# Food for Ferals



## Shadow1953 (Oct 13, 2010)

Hey All;

No, it's not a new organization, although it does have a nice ring for a name.

I am feeding between 4 and 6 stray cats. I am planning on doing a Trap/neuter/release the middle of next week.

I've been putting out a Science Diet Growth Formula. One of the cats came up and let me pet her, and she is all skin and bones. I am wondering whether it is better to keep feeding them limited amounts of the expensive stuff (as budget dictates) or should I just give them as much as they can handle of the cheaper commercial stuff.

Thanx for any opinions.

--Shadowcat--


----------



## Vivid Dawn (May 31, 2010)

I feed the Kirkland Signature "Maintenance" from Costco. It's relatively cheap ($16 for 25 lbs) but pretty good quality. The first three ingredients are Chicken, Chicken Meal, whole grain brown rice...etc. No corn, artificial stuff (flavors or colors).
If you can't get that, I'd recommend Authority from Petsmart. A little more expensive ($29 for 18 lbs), but about the same quality.
Really, I just try to have meats as the first ingredients (meal is okay, not by-products) and no corn.

Depending on how you ration it out, 20 pounds should last you about month.


----------



## Jeanie (Jun 18, 2003)

I would feed them as much as possible! That poor skinny cat is not a feral; it's a stray. It was someone's pet, and would probably love to belong to you. Perhaps you could provide a shelter for them, the poor babies.  I'm so glad you're feeding them!


----------



## Shadow1953 (Oct 13, 2010)

I generally put out one cup three times a day. One in the morning while I am outside having breakfast, one in the late afternoon, and one at bedtime. Except for rare occasions it's empty when I go out. I put water out too. I have a small (24x30 maybe) cage that I put the food and water in to deter the birds from getting it. The food bowl is in a water bowl ( I call it the 'bowl-in-a-moat). Ants don't cross water, so they don't get to the food.

I don't do the 'Big Boxes' (i.e. Costco, Walmart, Sams, Home Depot) on principle. I know I miss out on some great deals, but I have my reasons, and this is neither the time nor place for them. But I do thank you for the suggestion. I have many friends that do shop at Costco and several that have cats. The PetSmart stuff could be an option. That's where I've been buying the Science Diet, so I can do a good comparison.

--Shadowcat--


----------



## Shadow1953 (Oct 13, 2010)

I've been putting out three cups a day. One in the morning while I am out there eating breakfast, one in the late afternoon/early evening and one when I go to bed.
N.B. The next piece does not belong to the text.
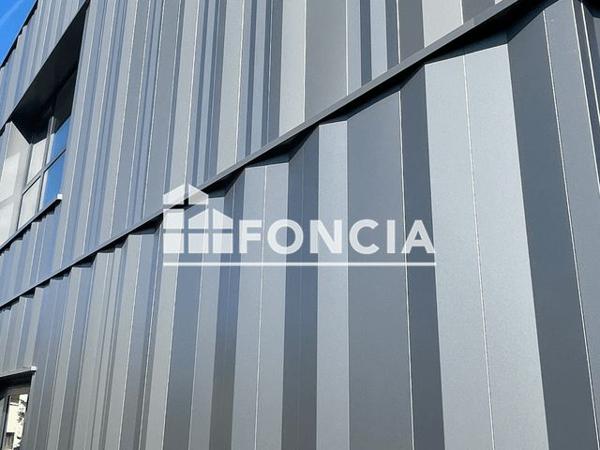 À vendre Local commercial 98.88 m² - Sillingy 74330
I have a small (approx 24"x30") cage I put the food and water in to deter the birds from eating the food. The food bowl is inside a water bowl (I call it the Bowl-in-a-Moat). Ants don't cross water, so they aren't an issue. It is rare that the bowl is empty each time I go to fill it.
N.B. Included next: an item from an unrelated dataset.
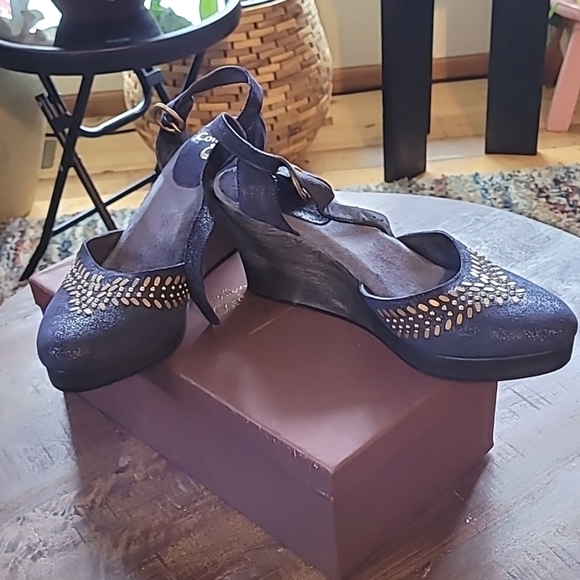 Calleen Cordero Wedge - Picture 1 of 4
At least two of them know each other rather well, as they share access to the dish when they both come.

I wish I could take them in, but we already have four 'inside' cats. One is around 14, one around 4-5, and two (the babies) around 2 1/2. The young ones came from a semi wild lot. My mechanic is a cat person, and there are a handfull of cats that he lets stay on his shop property. He puts food out. If they want to become friends, that's up to the cat(s). He regularly does the trap/neuter/release, but one year they apparently missed a couple. We took two of them. They are friendly, but standoffish. They like being in your company, but look, don't touch. After two years, the friendlier of the two finally jumped up in to my lap all by herself. I still have yet to hear her make a meow. The other one talks to us a lot, but is definitely 'no touch'. She doesn't get aggressive at all, she just runs out of reach. She will come and beg for the 'string-on-a-stick' toy.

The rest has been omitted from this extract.